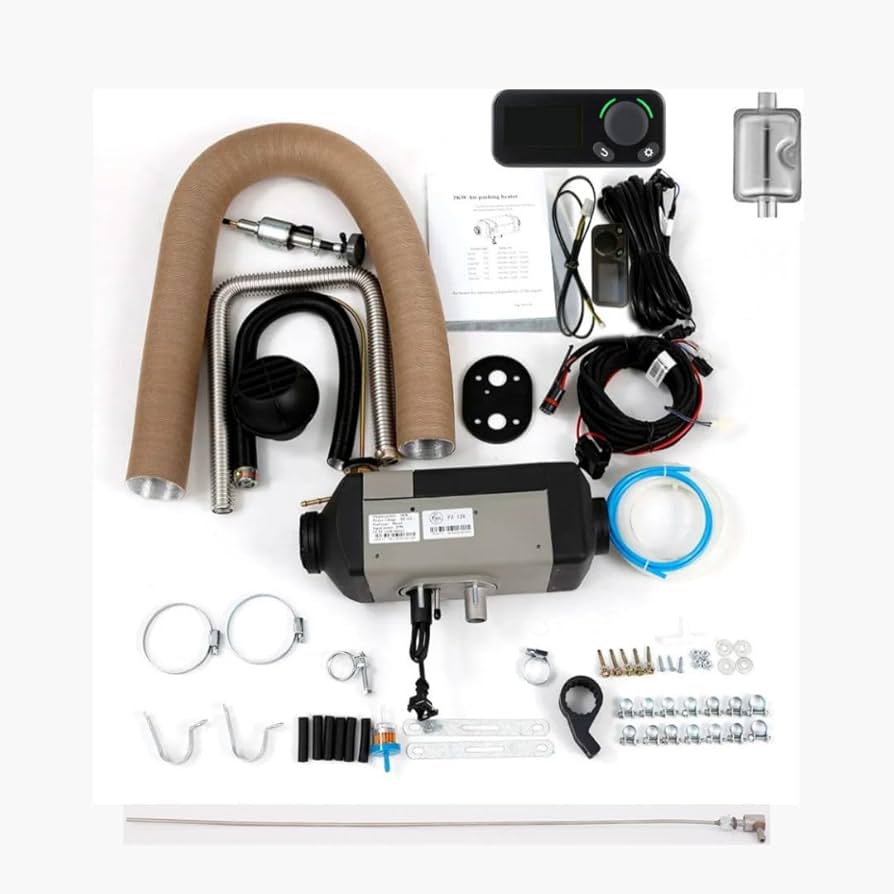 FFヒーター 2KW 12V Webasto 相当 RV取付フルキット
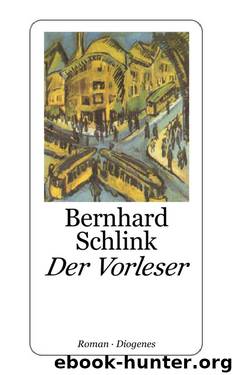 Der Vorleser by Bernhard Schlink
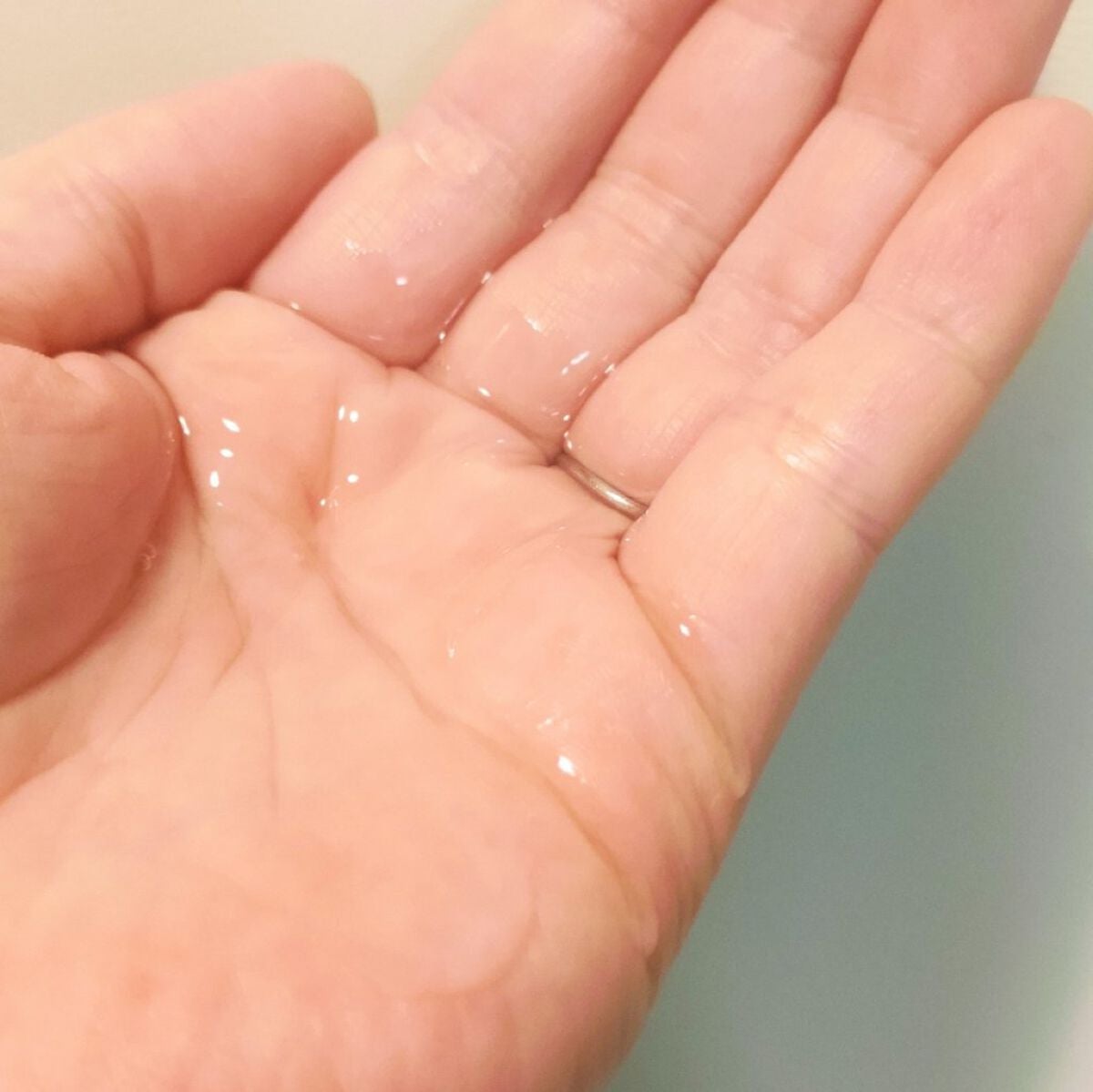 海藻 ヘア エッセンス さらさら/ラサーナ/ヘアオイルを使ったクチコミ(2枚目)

...

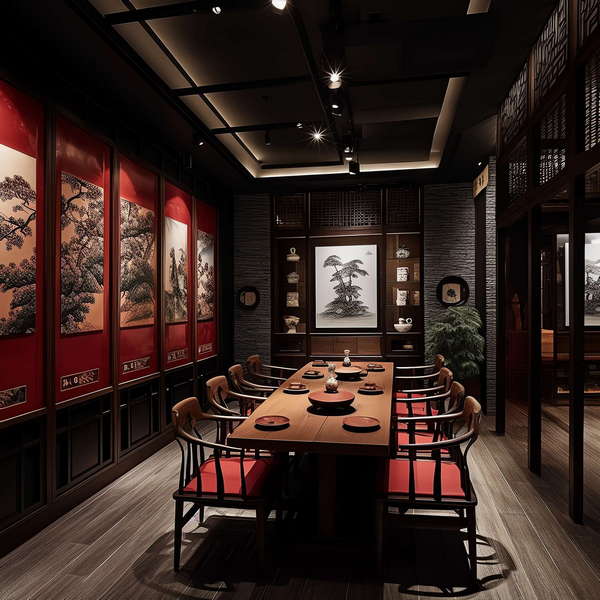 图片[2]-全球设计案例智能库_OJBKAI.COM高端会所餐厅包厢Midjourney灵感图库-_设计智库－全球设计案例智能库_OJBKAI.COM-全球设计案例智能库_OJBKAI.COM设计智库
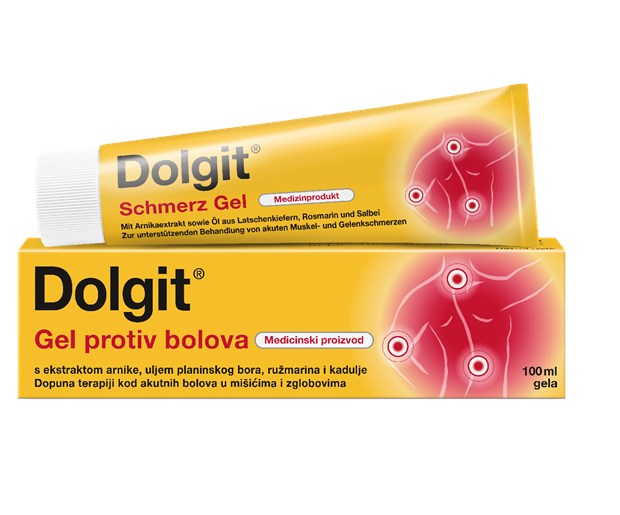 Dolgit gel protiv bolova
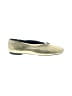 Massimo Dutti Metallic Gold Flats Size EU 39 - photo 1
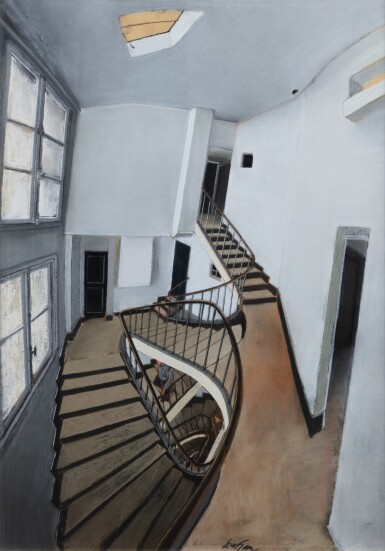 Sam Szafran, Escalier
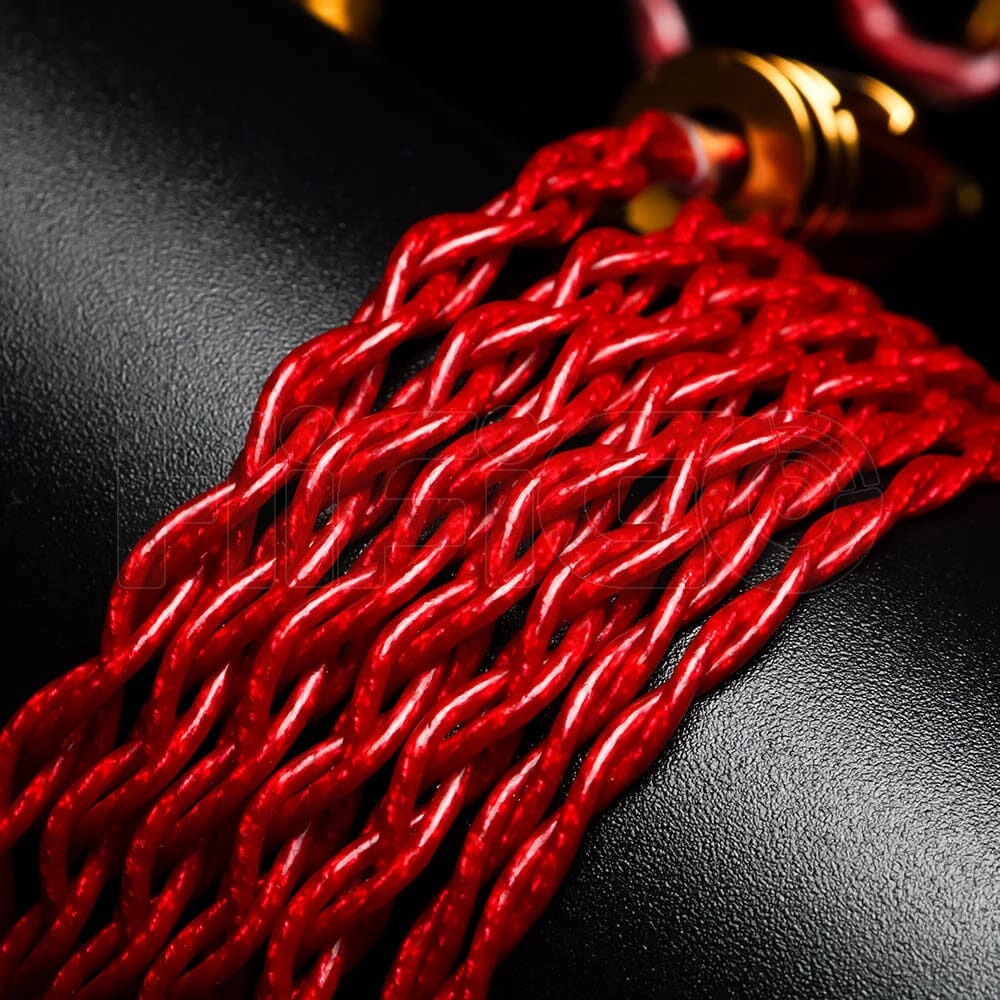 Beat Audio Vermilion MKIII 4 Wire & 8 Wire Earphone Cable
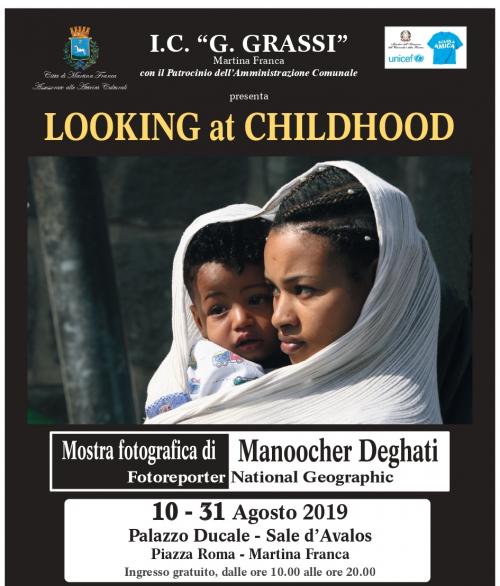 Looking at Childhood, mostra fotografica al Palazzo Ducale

*Your instructions:* While skipping the pictures, transcribe the data above from the line showing "Beat Audio Vermilion" through the line showing "Looking at Childhood, mostra", exactly and with both ends.

*Task response:*
 Beat Audio Vermilion MKIII 4 Wire & 8 Wire Earphone Cable
 Looking at Childhood, mostra fotografica al Palazzo Ducale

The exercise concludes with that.